━━━ EXERCISE INPUTS
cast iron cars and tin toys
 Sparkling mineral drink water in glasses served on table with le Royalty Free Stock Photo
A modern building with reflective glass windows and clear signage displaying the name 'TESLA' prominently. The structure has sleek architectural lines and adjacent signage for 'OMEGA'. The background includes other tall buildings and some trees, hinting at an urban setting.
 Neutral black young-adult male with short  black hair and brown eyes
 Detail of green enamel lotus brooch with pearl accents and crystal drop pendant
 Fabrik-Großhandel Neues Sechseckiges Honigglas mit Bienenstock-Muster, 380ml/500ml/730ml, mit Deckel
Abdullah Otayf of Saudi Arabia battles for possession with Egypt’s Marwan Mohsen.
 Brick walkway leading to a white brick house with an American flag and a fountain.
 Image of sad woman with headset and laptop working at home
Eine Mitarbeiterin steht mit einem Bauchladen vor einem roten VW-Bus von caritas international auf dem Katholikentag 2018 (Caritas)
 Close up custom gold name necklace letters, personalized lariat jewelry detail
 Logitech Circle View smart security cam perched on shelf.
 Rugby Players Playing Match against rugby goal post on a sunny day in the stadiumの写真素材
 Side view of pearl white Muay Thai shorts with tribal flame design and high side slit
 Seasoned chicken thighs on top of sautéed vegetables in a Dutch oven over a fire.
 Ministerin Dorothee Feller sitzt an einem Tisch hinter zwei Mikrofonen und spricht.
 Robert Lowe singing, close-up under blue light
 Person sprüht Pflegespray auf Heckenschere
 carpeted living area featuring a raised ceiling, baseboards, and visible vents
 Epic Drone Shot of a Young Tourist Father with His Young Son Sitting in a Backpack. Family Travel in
━━━━━━
PROBLEM STATEMENT: Each line from the one containing "Logitech Circle View" through the end of the listing above should be copied exactly, with no other line included.

ANSWER TO THE EXERCISE:
 Logitech Circle View smart security cam perched on shelf.
 Rugby Players Playing Match against rugby goal post on a sunny day in the stadiumの写真素材
 Side view of pearl white Muay Thai shorts with tribal flame design and high side slit
 Seasoned chicken thighs on top of sautéed vegetables in a Dutch oven over a fire.
 Ministerin Dorothee Feller sitzt an einem Tisch hinter zwei Mikrofonen und spricht.
 Robert Lowe singing, close-up under blue light
 Person sprüht Pflegespray auf Heckenschere
 carpeted living area featuring a raised ceiling, baseboards, and visible vents
 Epic Drone Shot of a Young Tourist Father with His Young Son Sitting in a Backpack. Family Travel in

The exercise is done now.